“What’s eye are? I haven’t seen that acronym.”
So said a friend unfamiliar with this arcane profession at public companies responsible for Wall Street relationships. IR, for you investors who don’t know, is the role that coordinates earnings calls and builds the shareholder base behind traded shares.
Investor Relations is a vocation in transition because of the passive tide sweeping investment, money that can’t be actively built into a shareholder base. Money in models is deaf to persuasion. The IR job is Story. The market more and more is Structure.
But IR underestimates its power. There’s a paradox unfolding in the capital markets. I liken it to shopping malls and Amazon. Used to be, people flocked to department stores where earnest clerks matched people to products.
We still do it, sure. But nowadays seas of cash slosh onto the web and over to Amazon without a concierge. It’s passive shopping. It’s moved by what we need or want and not by service, save that Amazon is expert at getting your stuff in your hands well and fast.
“You were saying we underestimate our power,” you reply, IR pro. “How?”
You’ve seen the Choice Hotels ad? A guy with an authoritative voice declares that the Choice people should use four words: “Badda-book, badda-boom.”
The advertisement is humorously stereotyping the consultants, high-powered and high-paid pros who arrive on corporate premises to, buttressed by credibility and prestige, instruct managers on what they must do.
Whether it’s marketing and communications or management like McKinsey & Co., they command psychological currency because of real and perceived credibility, and confident assertion.
Might these people be buffaloing us? There’s probably some of that. But the point is they command respect and value with authority and expertise.
All right, apply that to IR. Especially now, with the profession in a sort of identity crisis. It’s become the ampersand role. You’re head of IR &…fill in the blank. Strategy. Corporate Development. Treasury. Financial Planning & Analysis. Communications.

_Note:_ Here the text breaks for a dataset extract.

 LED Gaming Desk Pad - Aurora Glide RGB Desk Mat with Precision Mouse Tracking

The ampersand isn’t causing the crisis. It’s the money. Bloomberg reporters following the passive craze say indexes and Exchange Traded Funds (ETFs) may surpass active stock funds soon for assets under management.
They already crush stock-pickers as price-setters. Passive investment is nearly twice as likely to set your price every day as your story. Buy and hold money buys and holds. Your story isn’t changing daily. But prices are. Sentiment is. Macro factors are. Risk is. These and more breed relentless shifting in passive behavior, especially ETFs.

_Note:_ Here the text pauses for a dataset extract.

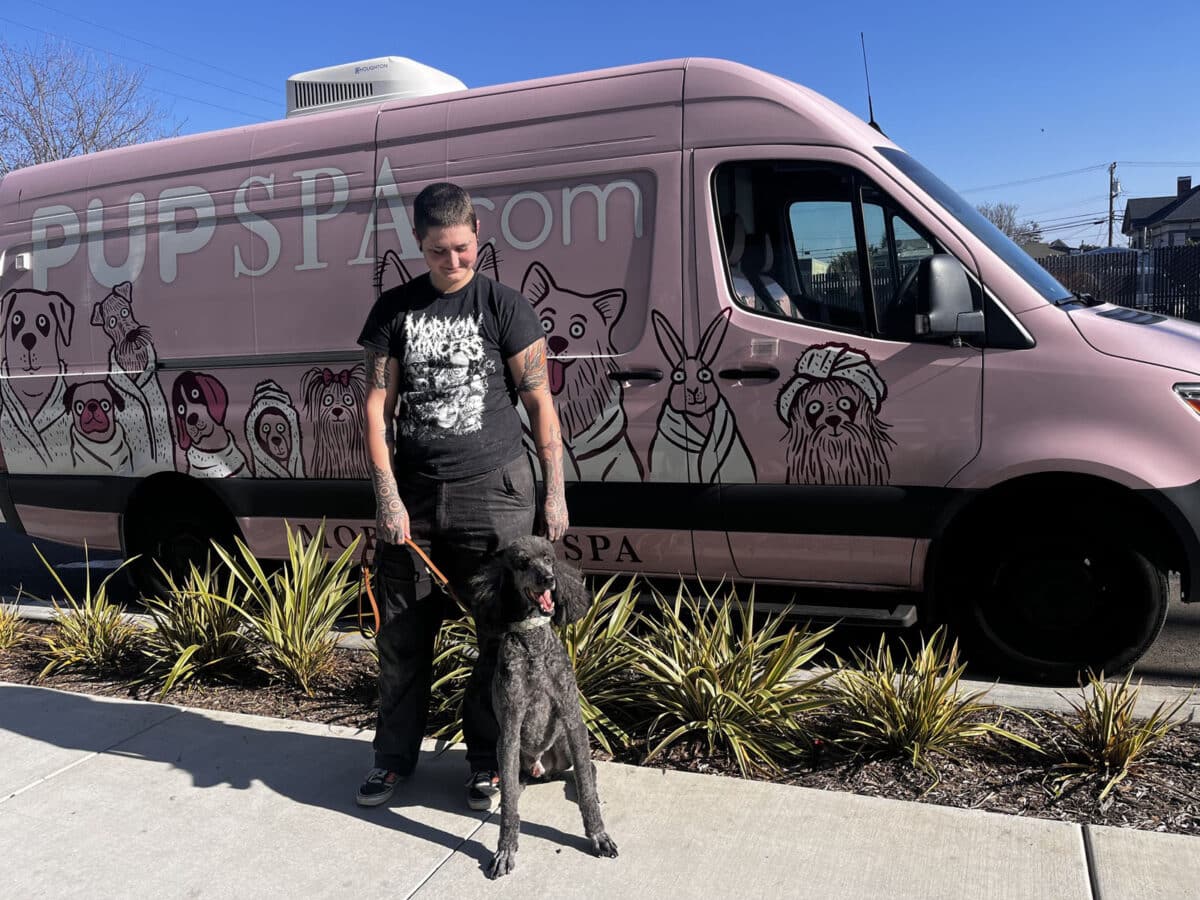 Alameda Post - A person stands with the leash of a freshly groomed black poodle in front of a mobile grooming service van.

And here’s the IR powerplay. You are the authoritative voice, the badda-book badda-boom on capital markets internally. With the behavior of money changing, you’re in the best position to be the expert on its evolution. To lead.
If you were the management consultant, you would lay out a plan and benchmarks for organizational transformation. If you were the widget product manager, you’d be providing executives regular data on the widget market and its drivers. You wouldn’t wait for the CEO to say, “Can you pull data together on what’s happening with widgets?”
Sometimes IR people pride themselves on how management never asks about the stock. If you’re the expert, silence is not your friend. Get out in front of this transformation and lead it. Don’t let them watch the stock, but help them consistently measure it.
What set of vital facts about passive investment should your management team understand? If you don’t have answers, insist on the resources needed to get them.
Don’t be timid. Don’t wait for management to say, “We want you to study and report back.” It’s too late then. You’ve moved from the expert to the analyst.
Instead, set the pace. See it as a chance to learn to use analytics to describe the market. Make it a mission to wield your IR power as this passive theme changes our profession.
And we’ll catch you in two weeks! We’re off to ride the tides on the Belizean reef, a weeklong Corona commercial catamaraning the islands. We’ll report back.
As we leave, Market Sentiment has again bottomed so stocks rose with Monday’s MSCI rebalances and probably rise through expirations Wed-Fri before mean-reverting again. How many mean-reversions can a bull market handle?